If the answer to the “what are we trying to accomplish” question is to create passionate and grounded disciples of Jesus Christ who know the faith, practice the faith, and live in the love and grace of God as God touches the world through them, then that’s something worth investing in. It’s also a goal worth considering building a team around, and taking a long, hard look at finding the most effective means, the most dedicated people, and the most effective times to apply the most effective means and dedicated people.
LEARNING LANGUAGE
The most effective way to learn a language is to immerse yourself in the culture of that language. A class one hour a week is just not going to do it. The most effective way to learn the language of faith is to immerse the child in a culture of faith. And the best place to do that? The home. The best time? Neurology would tell you it’s not Sunday morning at 9 am or Wednesday night at 7. It’s bedtime. If discipleship is to be the result, then discipleship must be modeled by the primary caregivers every night. They say “you can’t be what you can’t see.” The most important thing a systems thinker can do is to bring the parents on board as early as possible and call them to do and be what they first promised God they’d do and be when they brought that child to the font.
GETTING THE KID DONE vs GETTING THE DISCIPLE STARTED
If parents just want their kid to go to a class and get some catechism, I’d invite them to consider finding another church where they can get the kid “done” in six weeks. Harsh? Keep reading. If, however, the parents’ deep desire and dream is to keep their family together in a world that could tear them apart, and they’re open to partnering with the church as allies in that process, I’d tell them you’d be honored.
Tell them that you will make their dream your personal goal, prayer and priority. You will do everything in your power to keep the arteries of caring, open, prayerful communication open every night of their teen’s life at the core of your program. I’d then tell them that your system starts with parents committing to take the faith journey WITH their teens.
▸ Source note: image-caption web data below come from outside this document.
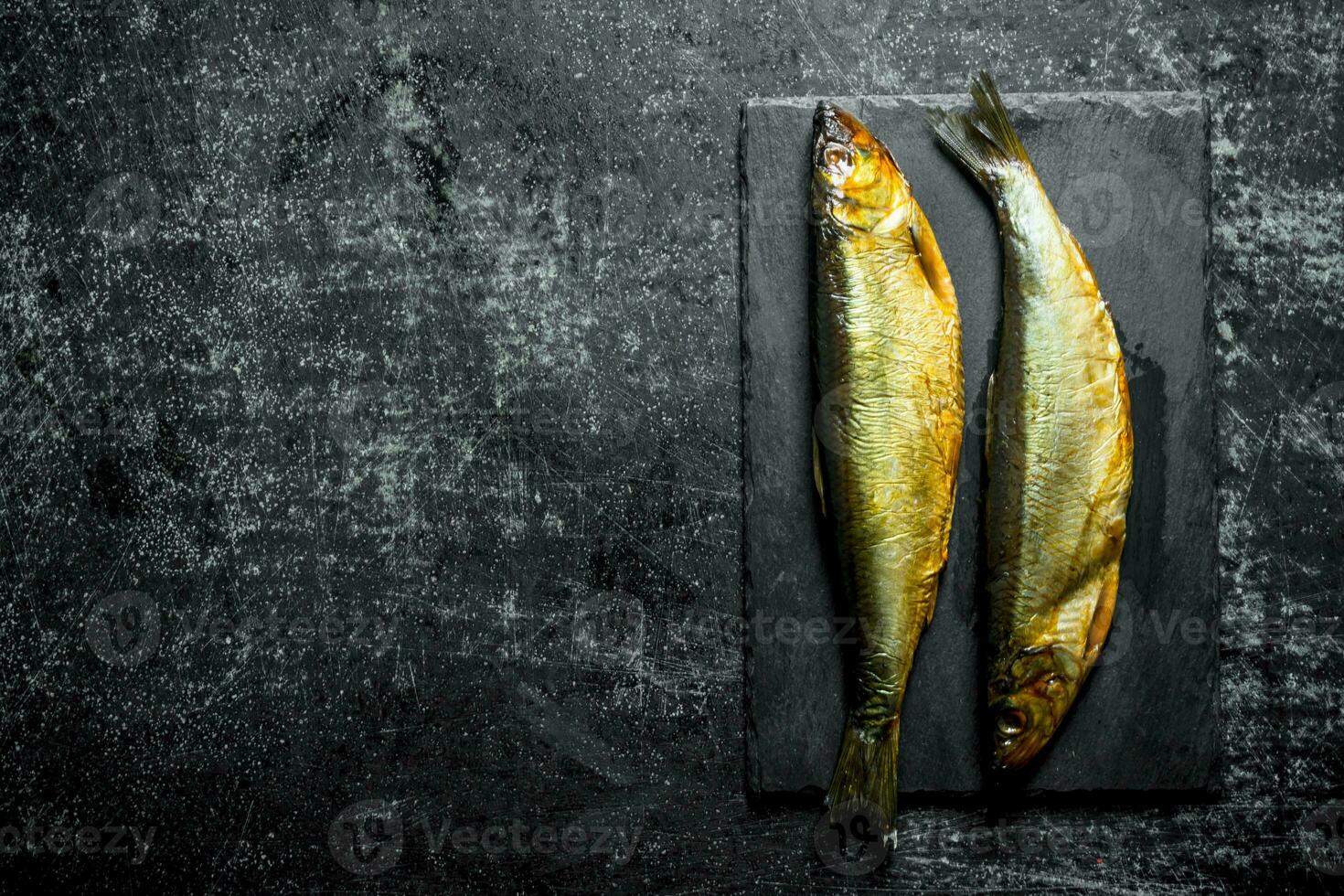 Smoked fish on a stone Board. photo
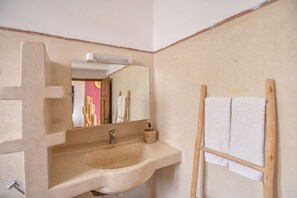 Casa de banho com pia bege, espelho e porta-toalhas de madeira.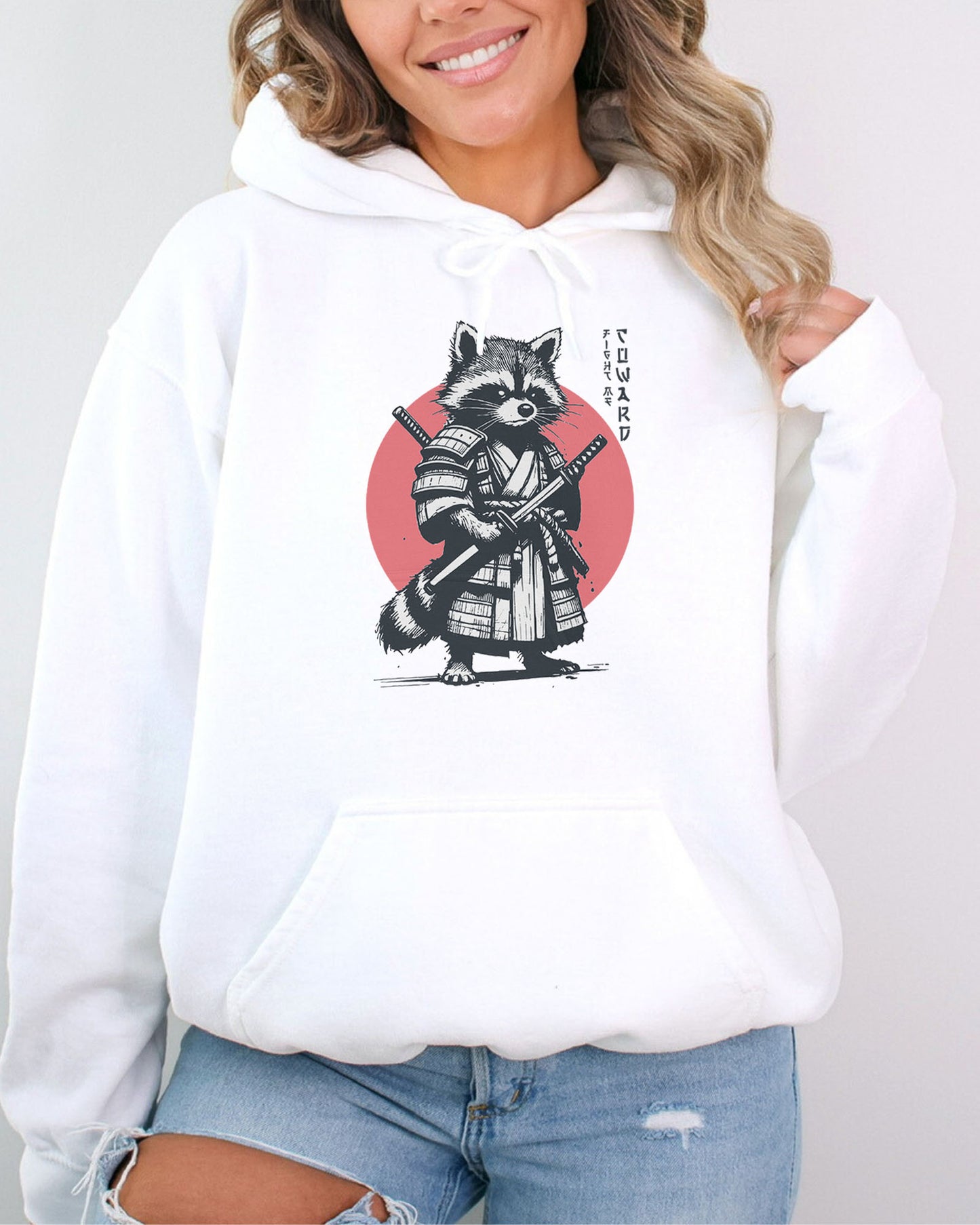 Woman wearing a white hoodie featuring a retro funny samurai raccoon graphic with the quote 'Fight Me Coward' in a Japanese-style font.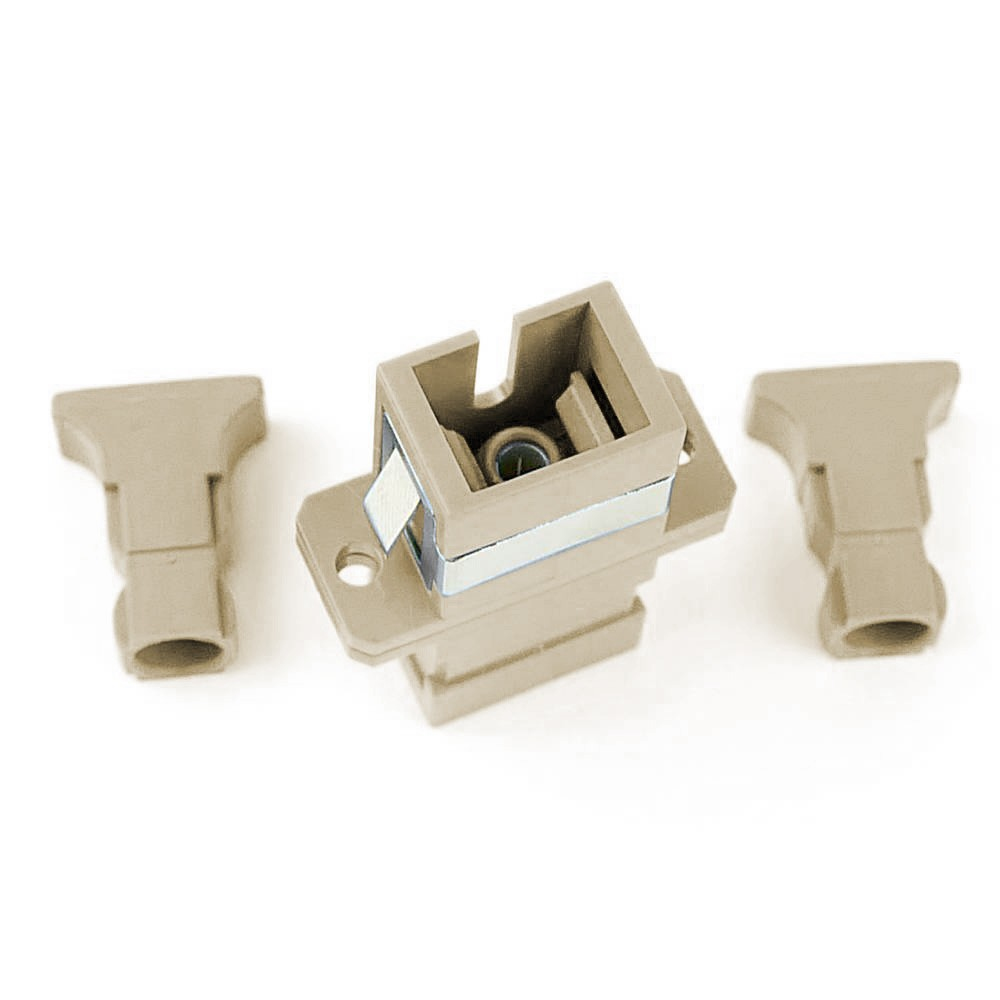 Set di connettori color beige su bianco. Include una parte centrale e due laterali.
I would create a blessing service where parents and kids covenant to going through the confirmation years together by…
1. Committing to being with you weekly (or bi-weekly) as you unveil key themes that can help them in their family life. (Lord’s Prayer, Ten Commandments, Creed, Sacraments, Life of Jesus, etc.)
2. Committing to being in worship together whenever they are in town, and to setting aside Sabbath time together when they are our of town
3. (And here’s the clincher paradigm shifter) Committing to a short nightly check-in where they share their highs and lows, review the key scripture or catechism theme, try to relate/apply the verse of Bible story to their highs and lows, pray a short prayer for one another and bless one another before turning the lights out on the day.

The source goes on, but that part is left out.